Personal information
- Full name: Ali Amr Farag
- Nicknames: Mr. Fantastic, Rubber-band Man, The Raptor
- Born: 22 April 1992 (age 34) Cairo, Egypt
- Height: 1.83 m (6 ft 0 in)
- Spouse: Nour El Tayeb ​(m. 2016)​

Sport
- Country: Egypt
- Handedness: Right handed
- Turned pro: 2009
- Coached by: Basem Makram
- Retired: 2025
- Racquet used: Dunlop

Men's singles
- Highest ranking: No. 1 (June 2022)
- Current ranking: No. 2 (April 2025)
- Title: 46
- PSA Profile

Medal record
Men's squash
Representing Egypt
World Championships
| Gold medal – first place | 2019 Chicago | Singles |
| Gold medal – first place | 2021 Chicago | Singles |
| Gold medal – first place | 2022 Cairo | Singles |
| Gold medal – first place | 2023 Chicago | Singles |
| Silver medal – second place | 2025 Chicago | Singles |
| Bronze medal – third place | 2017 Manchester | Singles |
| Bronze medal – third place | 2024 Cairo | Singles |
World Team Championships
| Gold medal – first place | 2017 Marseille | Team |
| Gold medal – first place | 2019 Washington D.C. | Team |
| Gold medal – first place | 2023 Tauranga | Team |
| Gold medal – first place | 2024 Hong Kong | Team |
British Open
| Gold medal – first place | 2023 Birmingham | Singles |

= Ali Farag =

Egyptian squash player (born 1992)

Ali Amr Farag (علي عمرو فرج; born 22 April 1992) is a former Egyptian professional squash player. He is a four-time world individual champion, having won the title in 2018–19, 2020–21, 2021–22 and 2022–23 and a four-times world team champion. He has a highest career world ranking of world No. 1 by the Professional Squash Association (PSA).

== Education ==
Farag graduated from Harvard University in 2014 with a degree in Mechanical Engineering.

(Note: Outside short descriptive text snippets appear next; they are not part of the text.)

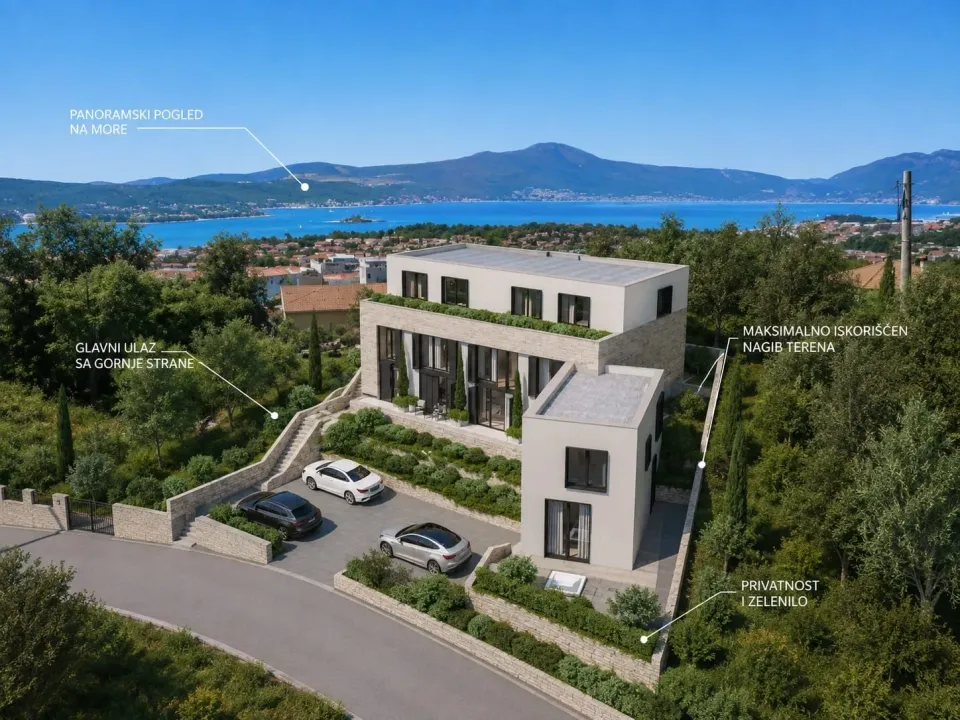 Sale, land lot, 1298m², Kavač, Kotor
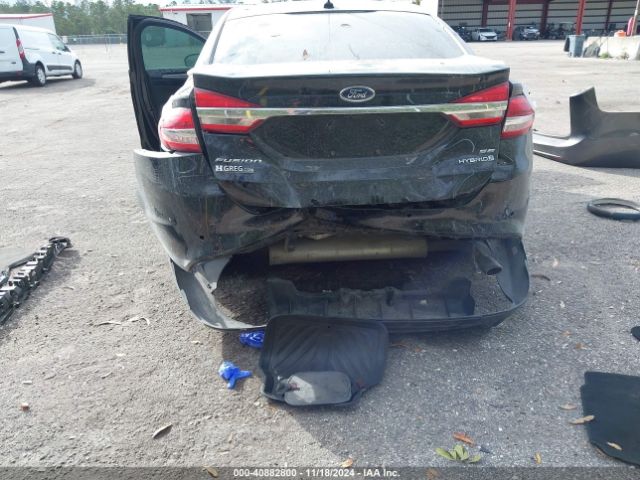 3FA6P0LU5HR319495 Ford Fusion Hybrid Se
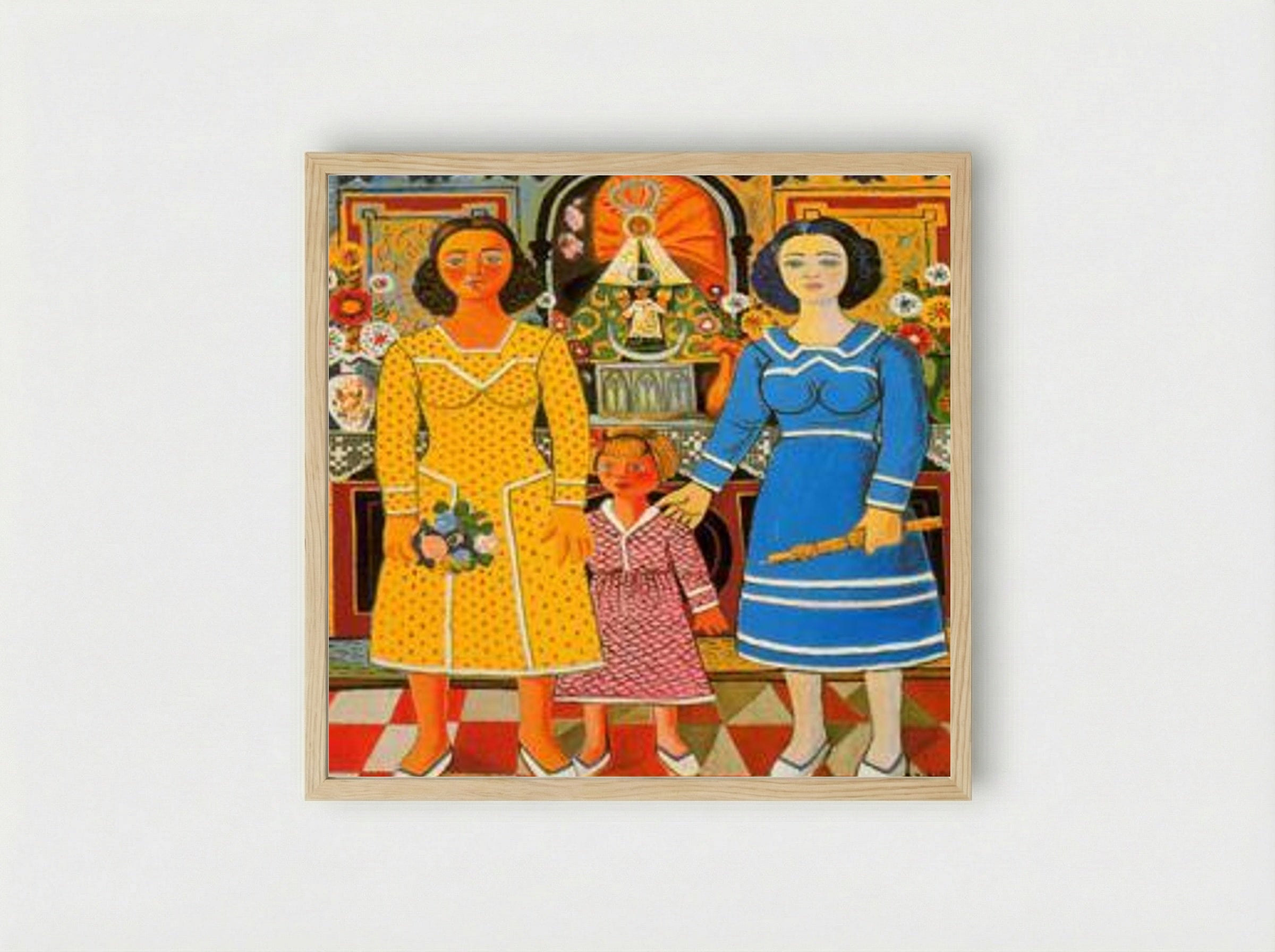 Tiscar rosemary - Rafael Zabaleta - Framed Print Wood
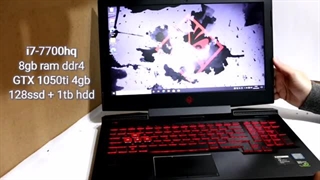 خرید لپ تاپ گیمینگ hp omen استوک از فروشگاه نوژینو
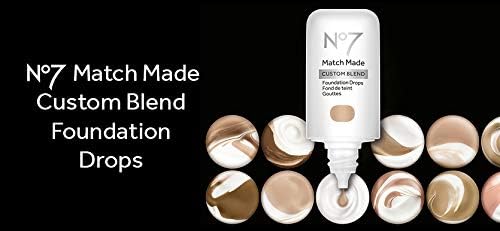 No7 MATCH MADE CUSTOM FOUNDATION DROPS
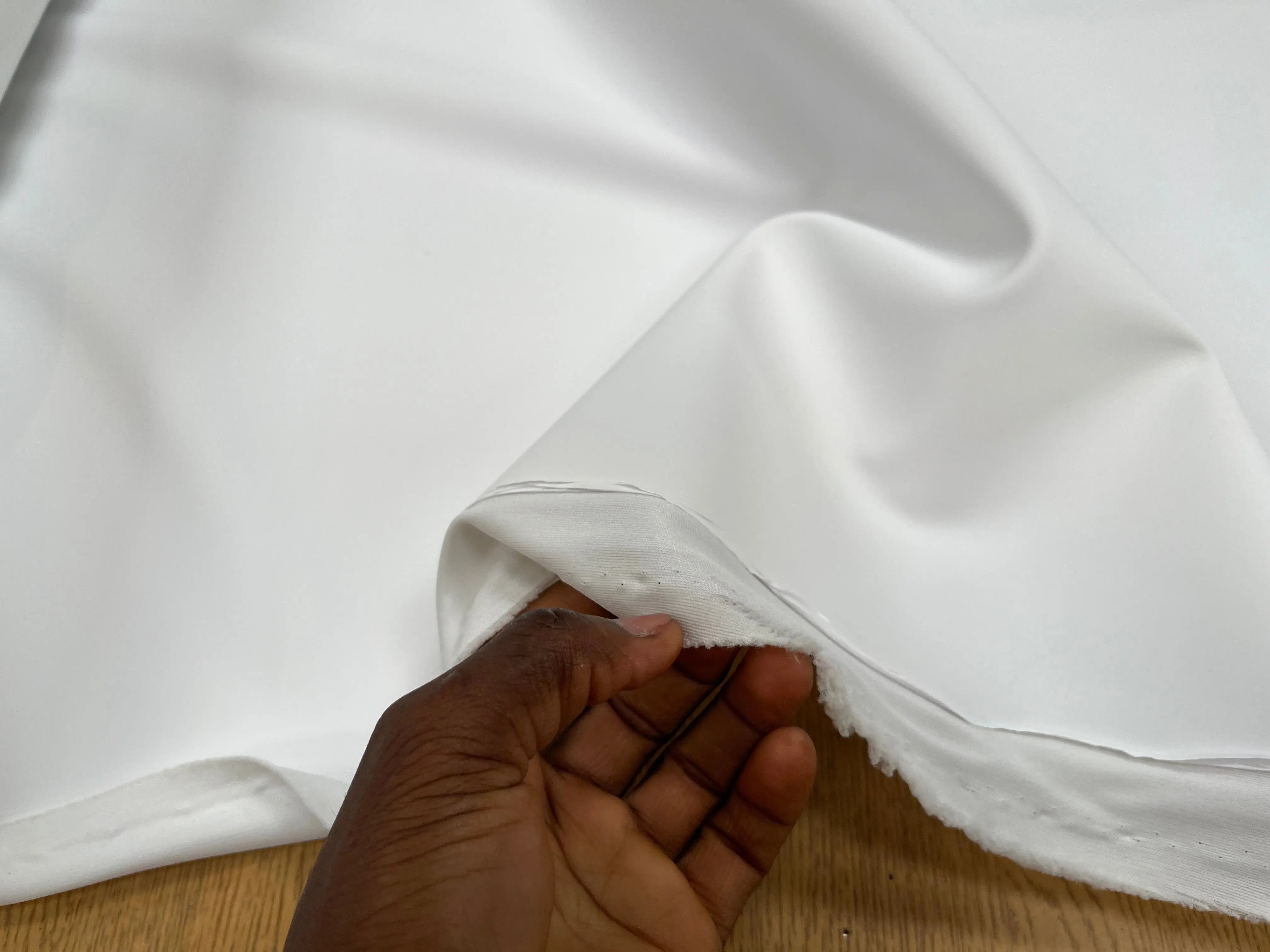 SIMILI CUIR COUTURE BLANC - My Little Coupon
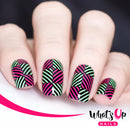Whats Up Nails - B016 Hypnotic Illusions Stamping Plate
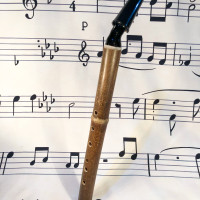 Black Bamboo Saxaflute - Jazzy Pocket Sax (Soprano / Alto / Tenor) Black Bamboo Saxaflute - Jazzy Pocket Sax (Soprano / Alto / Tenor)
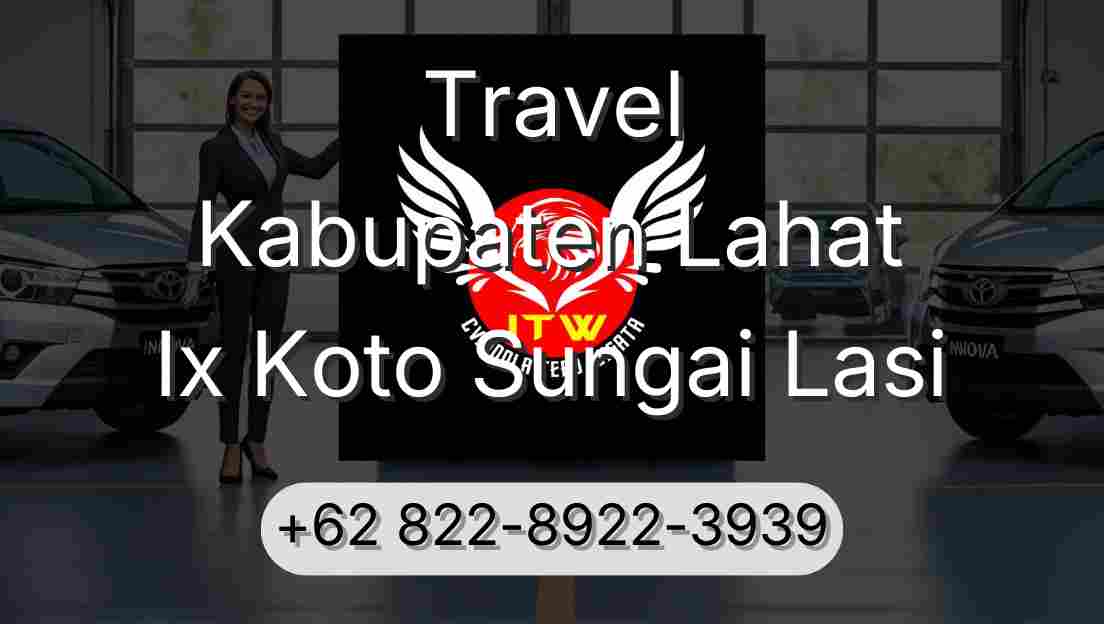 Travel Kabupaten Lahat Ix Koto Sungai Lasi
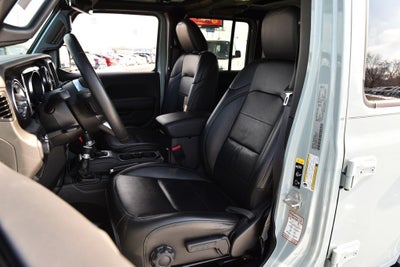 2023 Jeep Wrangler Sahara Altitude 4 Door 4x4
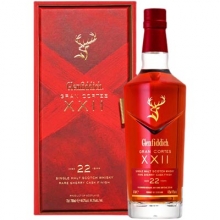 格蘭菲迪22年璀璨珍藏單一麥芽蘇格蘭威士忌 Glenfiddich 22 Year Old Gran Cortes Single Malt Scotch Whisky 700ml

Farag also graduated as one of the best squash players in college history, suffering only two defeats in his three years. As a member of Harvard's Varsity Men's Squash Team, Farag won two individual national titles and helped lead Harvard to its first team title in 17 years in 2014.

== Professional career ==
After graduating, Farag returned to the pro circuit, and began a rapid climb up the world rankings. He was named the PSA Player of the Month in April 2015 for reaching the main draw of the El Gouna Invitational as a qualifier and for winning back-to-back titles in Ireland.

Farag was part of the Egyptian team that won the 2017 Men's World Team Squash Championships in France. Farag won his first individual world title at the 2018–19 PSA Men's World Squash Championship, beating Tarek Momen in the final and continuing the recent Egyptian domination of the sport. Shortly after securing the world title he reached the final of the 2019 British Open championship, but was defeated by his fellow Egyptian Mohamed El Shorbagy.

Farag won a second World Squash Team Championships when Egypt retained their title at the 2019 Men's World Team Squash Championships in the United States.

In July 2021, he again reached the final of the British Open championship, but this time he was defeated by New Zealand's Paul Coll. However, just one month later, in August 2021, he claimed his second individual World title at the 2020–21 PSA Men's World Squash Championship.

Farag won his third individual World title at the 2022 PSA Men's World Squash Championship.

In 2023, Farag finally won his first British Open, defeating Peruvian Diego Elías in the 2023 Men's British Open Squash Championship. It was a tough and close match, with both players tiring towards the end of the third game, which Farag won. In the fourth game, Farag managed to reduce a small deficit with well-timed attacking drop shots and mixing up his attack. Farag clinched the title on the first match ball.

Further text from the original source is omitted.